A constitution drafted by Pinochet partisans and adopted in a government-dominated plebiscite in 1980 gave Pinochet a new eight-year term as president, with the possibility of an additional eight years after that. According to the constitution, another plebiscite is supposed to be held sometime before March, 1989.
Voters will be asked to say “yes” or “no” to a single candidate, nominated unanimously by the commanders of the army, air force, navy and national uniformed police. Most analysts expect the vote to be scheduled sometime next year, perhaps on Sept. 11, and few doubt that Pinochet wants to be the candidate.
For the last several months, he and his government have been engaged in a publicity campaign based on the theme of “projecting” the regime into the future. In his public statements, Pinochet emphasizes the alleged dangers of returning to the turmoil that led up to the 1973 coup.
“The options are to continue with the deepening of the government’s great works, or to go backward to the chaos and the anarchy that existed up to the intervention of the armed forces,” Pinochet said in a newspaper interview published last Sunday.
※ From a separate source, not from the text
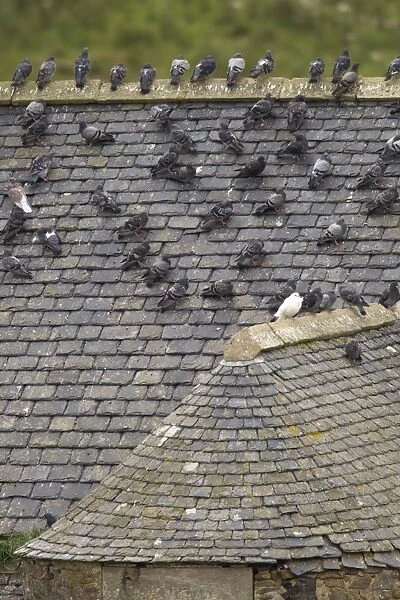 Feral Pigeon (Columba livia) flock, standing on slate roof of disused building, Berwickshire, Scottish Borders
The navy, air force and police commanders have all said they would prefer a civilian candidate for the plebiscite. They are believed to fear that a loss by Gen. Pinochet would damage the prestige of the armed forces.
According to widespread speculation, a compromise might be reached in which Pinochet would retire as the army’s commander in exchange for the nomination.
Although the opposition continues to demand presidential elections with competing candidates, most parties seem to think that a single-candidate plebiscite is inevitable.
The previous leadership of the center-left Christian Democratic Party was reluctant to register as a legal party under a new law. But the party’s new president, Patricio Aylwin, has begun the registration procedure.
“Gen. Pinochet should be concerned about this registration, which is destined to prevent him from perpetuating himself in power,” Aylwin said in a recent statement.
Aylwin also led the party into the new coordinating committee.
Ricardo Lagos, a Socialist leader and a member of the committee, said in an interview that volunteer workers are already going door to door urging Chileans to register as voters. He said the committee has about 2,000 part-time volunteers but hopes to have 35,000 by the end of the year and 100,000 by next March.
“We are just beginning,” Lagos said.
Since the government began registering voters early this year, about 2 million of an estimated 8 million eligible Chileans have signed up. Opposition leaders calculate that if they can get 6 million to 7 million people registered, they can win the plebiscite.